*** Dataset records Section Begins ***

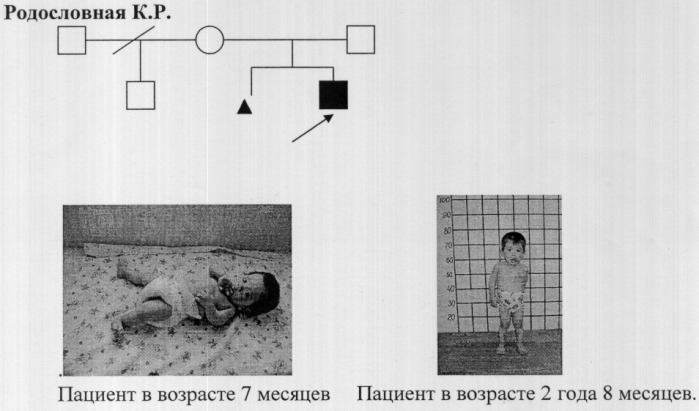 Способ диагностики 3-м синдрома в якутской популяции (патент 2315310)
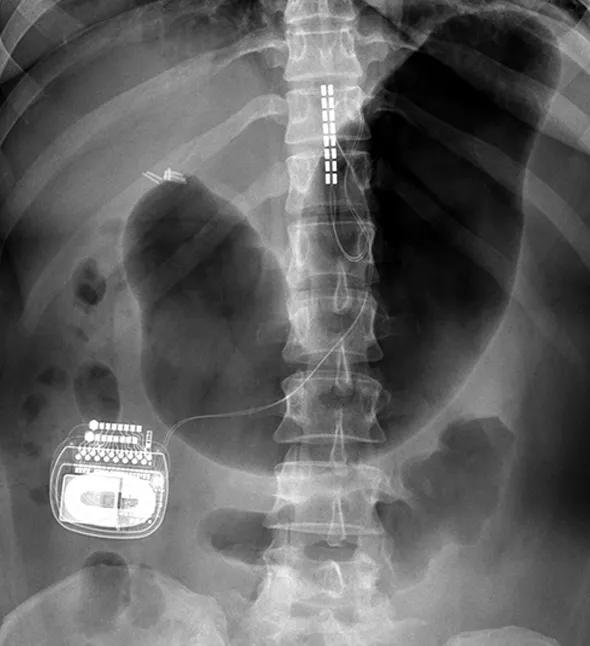 15-NEU-568-SpinalStim-Inset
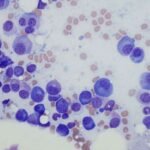 Fármacos oncológicos podrían abrir una nueva vía de tratamiento para la anemia de Diamond-Blackfan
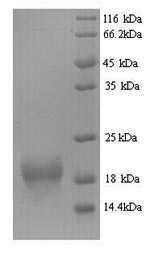 SDS-PAGE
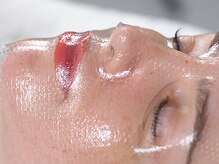 フューチャーズ ミィー(futures mii)/セラピール☆ゲルマスク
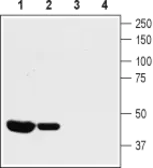 Anti-KCNA10 antibody used in Western Blot (WB). GTX16755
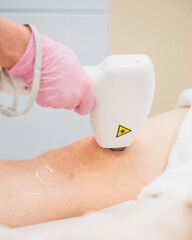 Laser hair removal procedure in the aesthetic medicine salon - smooth skin without damage to the epidermis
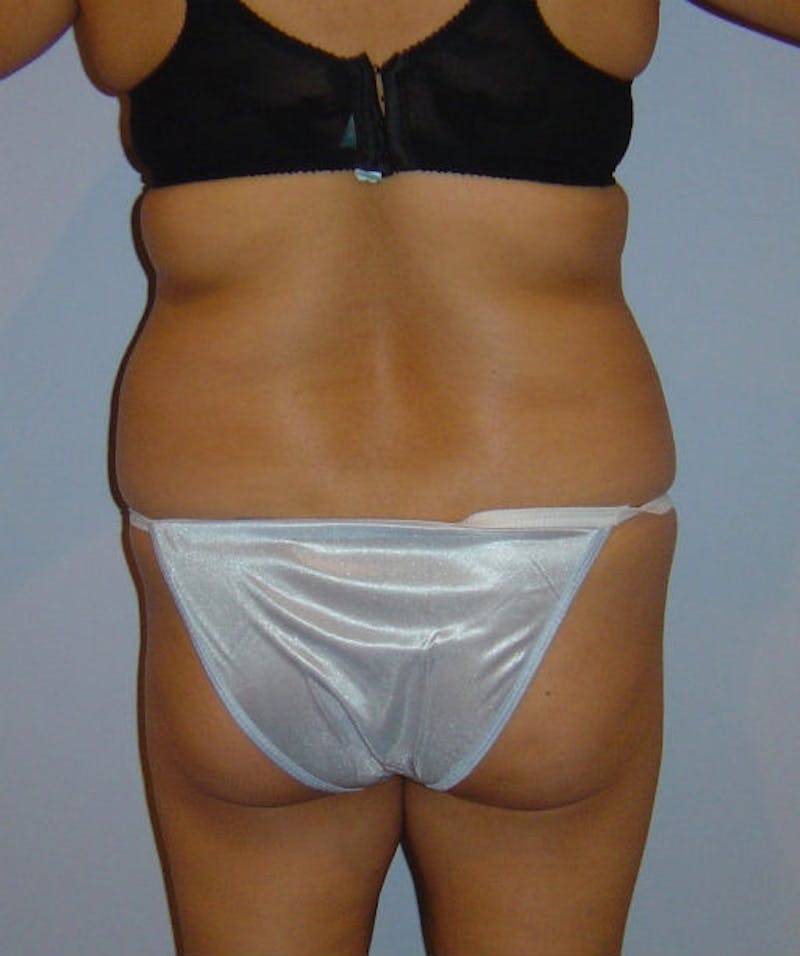 Tummy Tuck Before & After Gallery - Patient 133023842 - Image 5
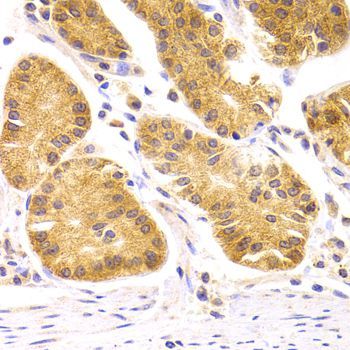 Immunohistochemistry - SCO2 Polyclonal Antibody (144-07051)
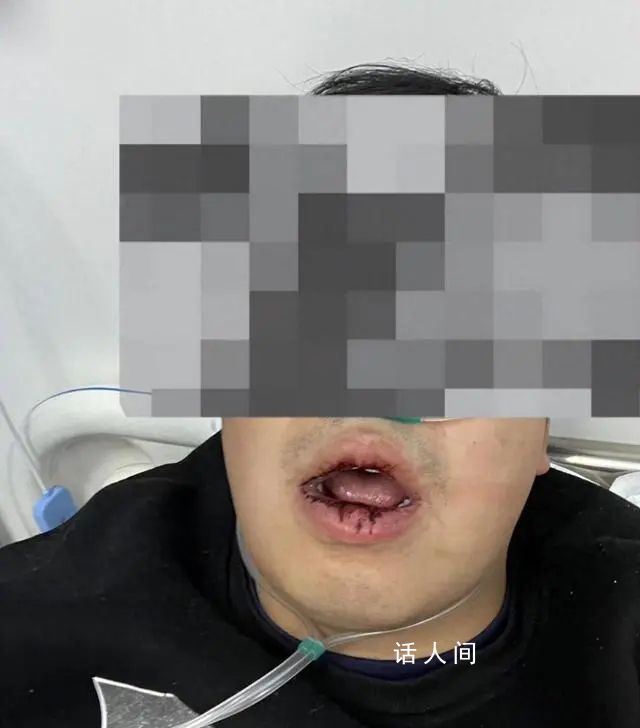 小伙群內(nèi)罵物業(yè)被多人上門扇嘴巴 物業(yè)上門后雙方發(fā)生爭(zhēng)執(zhí)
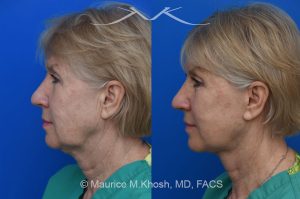 Photo of a patient before and after a procedure. Brow lift - Our delightful patient was interested in overall facial rejuvenation. She underwent lower blepharoplasty with orbital fat repositioning, temporal brow lift, and a deep plane facelift. She is ecstatic with her surgical results.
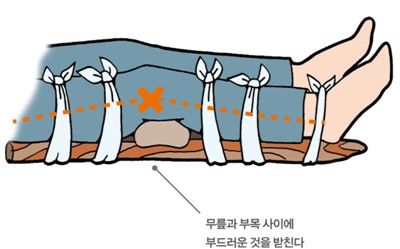 [대구=뉴시스] 전문가들은 부상 직후 정확한 진단 전까지는 RICE 요법을 적용해야 한다고 조언한다. (사진=박종수 율하바른정형외과 제공) 2026.01.24. photo@newsis.com *재판매 및 DB 금지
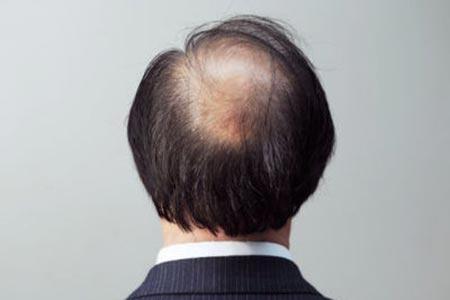 爸爸4沙溢严重秃顶 男性脱发的饮食治疗_健康_腾讯网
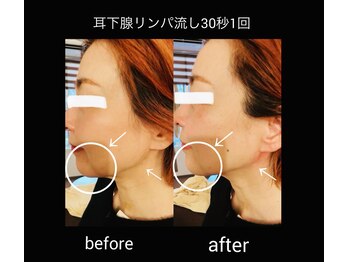 マシュマロヘッド 目黒店(Mashumaro Head)/本格顔深層筋小顔フェイシャル 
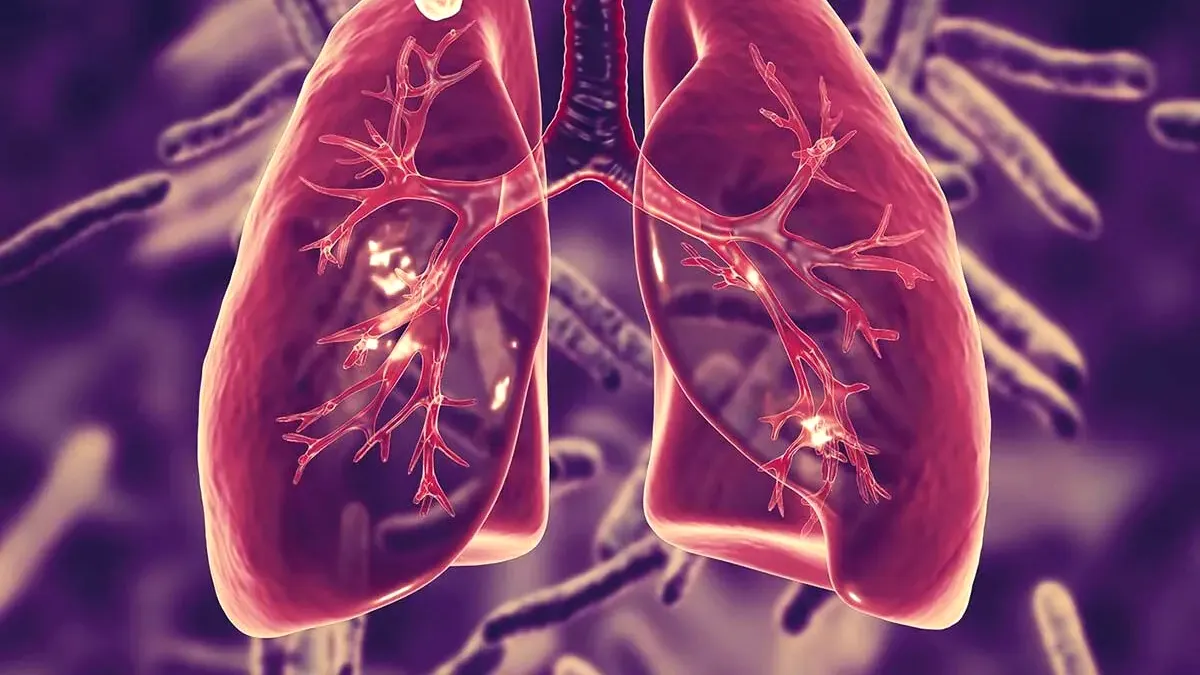 Tuberculoza a revenit pe prima poziţie în clasamentul bolilor infecţioase mortale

*** Dataset records Section Ends ***

- **What to work on**
Copy out every entry above verbatim. Leave each picture out.

- **Task response**
 Способ диагностики 3-м синдрома в якутской популяции (патент 2315310)
 15-NEU-568-SpinalStim-Inset
 Fármacos oncológicos podrían abrir una nueva vía de tratamiento para la anemia de Diamond-Blackfan
 SDS-PAGE
 フューチャーズ ミィー(futures mii)/セラピール☆ゲルマスク
 Anti-KCNA10 antibody used in Western Blot (WB). GTX16755
 Laser hair removal procedure in the aesthetic medicine salon - smooth skin without damage to the epidermis
 Tummy Tuck Before & After Gallery - Patient 133023842 - Image 5
 Immunohistochemistry - SCO2 Polyclonal Antibody (144-07051)
 小伙群內(nèi)罵物業(yè)被多人上門扇嘴巴 物業(yè)上門后雙方發(fā)生爭(zhēng)執(zhí)
 Photo of a patient before and after a procedure. Brow lift - Our delightful patient was interested in overall facial rejuvenation. She underwent lower blepharoplasty with orbital fat repositioning, temporal brow lift, and a deep plane facelift. She is ecstatic with her surgical results.
 [대구=뉴시스] 전문가들은 부상 직후 정확한 진단 전까지는 RICE 요법을 적용해야 한다고 조언한다. (사진=박종수 율하바른정형외과 제공) 2026.01.24. photo@newsis.com *재판매 및 DB 금지
 爸爸4沙溢严重秃顶 男性脱发的饮食治疗_健康_腾讯网
 マシュマロヘッド 目黒店(Mashumaro Head)/本格顔深層筋小顔フェイシャル 
 Tuberculoza a revenit pe prima poziţie în clasamentul bolilor infecţioase mortale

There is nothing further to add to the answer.